February 14 Birthdays

Richard Owen Cambridge, poet, b. 1717.  He had “a penchant for writing verse and building boats.”
George Henry Kingsley, physician and world traveller, b. 1827. He wrote about his travels and also educated his daughter, Mary Henrietta Kingsley, at home and allowed her to help him in his scientific studies until his death in 1892. After her father’s death, Mary Henrietta became a world traveller in her own right, especially making several trips to Africa. She wrote Travels in West Africa about the animals, plants and people she encountered in her travels. She died in Africa nursing soldiers during the Boer War.
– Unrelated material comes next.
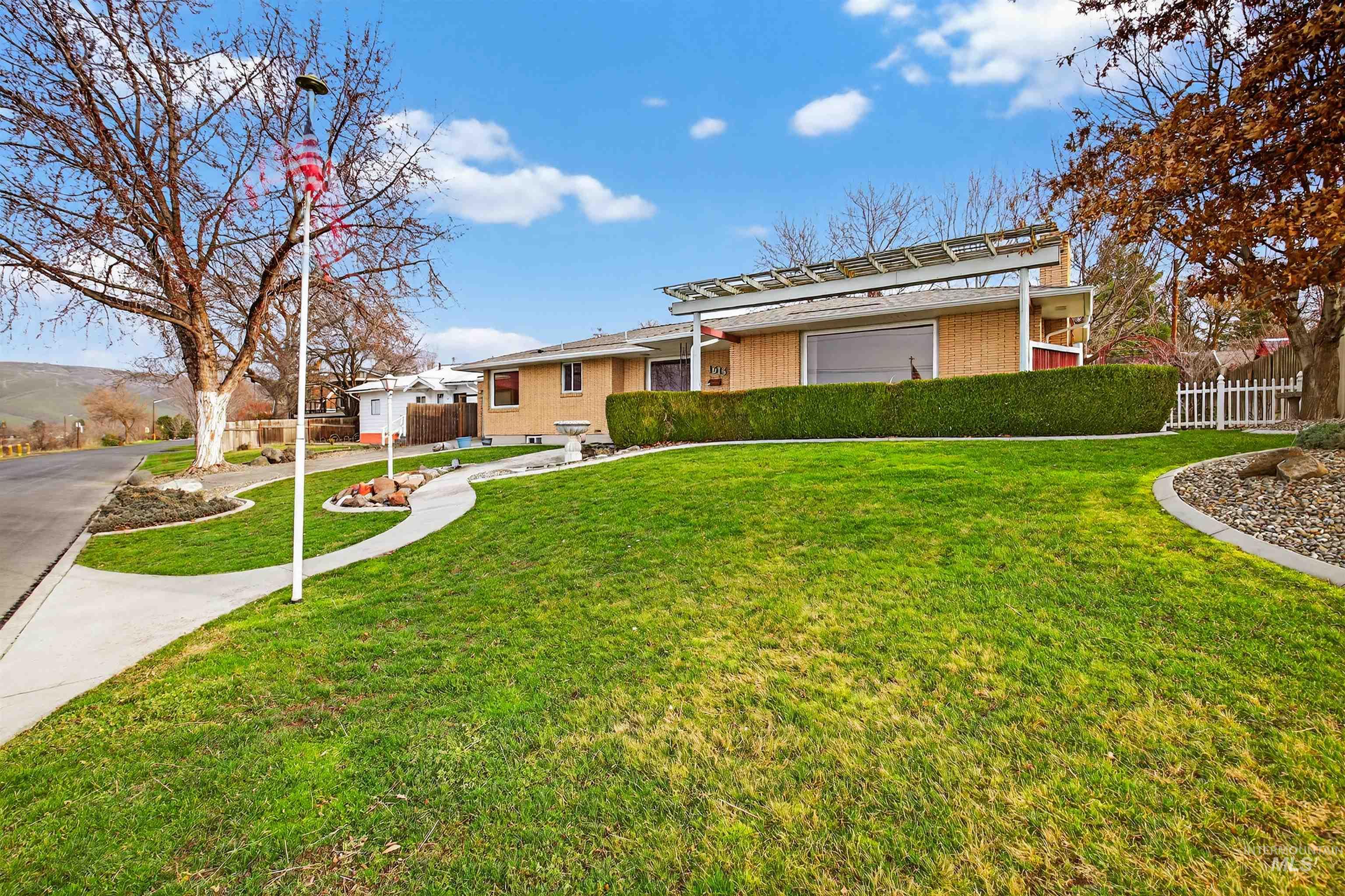 1615 Prospect Avenue Lewiston, ID 83501 - Photo 3 of 47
Graham Hough, literary critic and scholar, b. 1908. “The fact that poetry is not of the slightest economic or political importance, that it has no attachment to any of the powers that control the modern world, may set it free to do the only thing that in this age it can do -to keep the neglected parts of the human experience alive until the weather changes; as in some unforeseeable way it may do.”
George Washington Gale Ferris, engineer and inventor, b. 1859. He developed the Ferris wheel for the World Columbian Exposition in Chicago in 1893. Robert Lawson wrote a children’s fiction book called Ferris Wheel that tells the story of this event .
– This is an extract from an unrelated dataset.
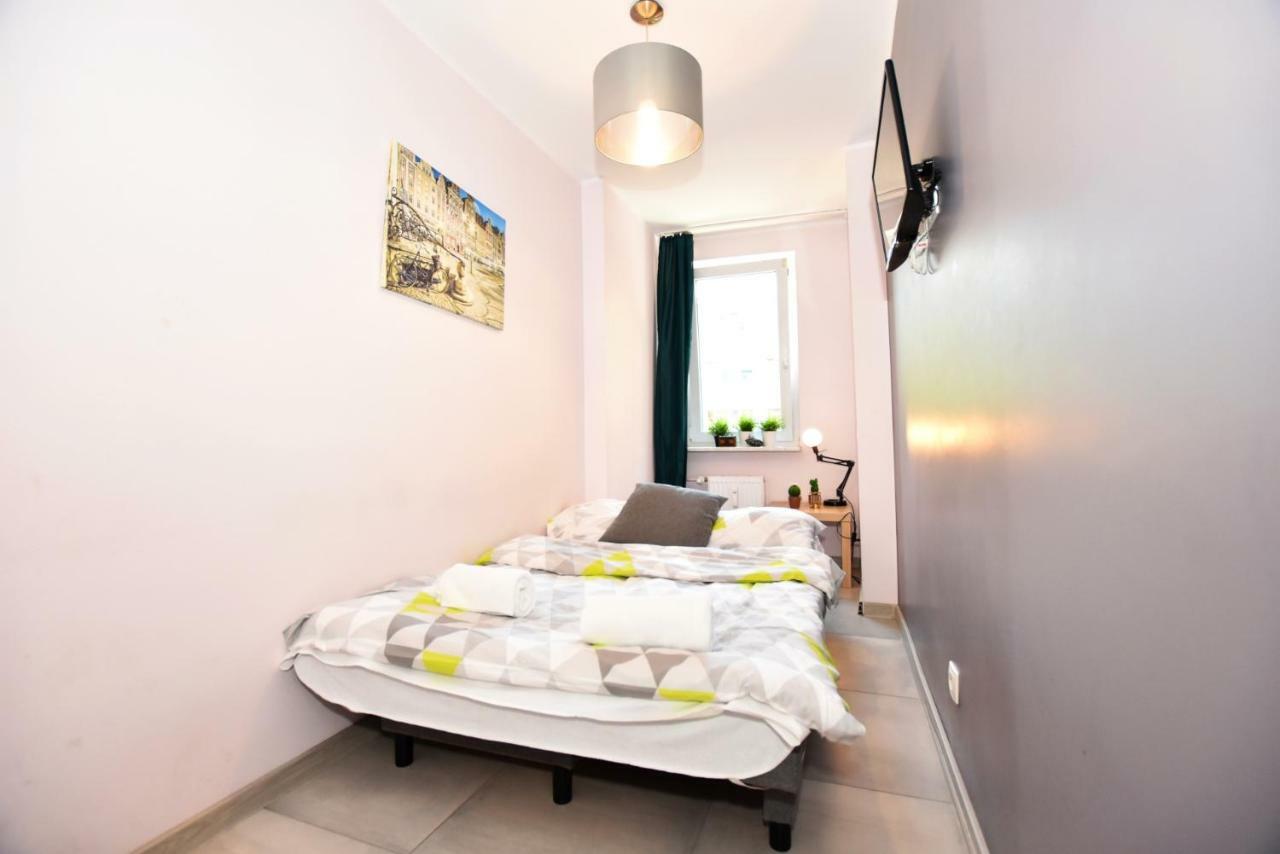 City Central Hostel Laciarska Wrocław Extérieur photo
Paul O. Zelinsky, Caldecott award winner and creator of the book The Wheels on the Bus. b. 1953. He has illustrated some beautiful fairy tale books. Rapunzel is the one he won the Caldecott for, and he’s also done versions of Rumplestilskin and Hansel and Gretel.

One thought on “February 14 Birthdays

  1. Richard Peck wrote a wonderful YA/children’s novel about the 1893 World Exposition called “Fair Weather,” 2001. It is wonderful, Richard Peck is wonderful.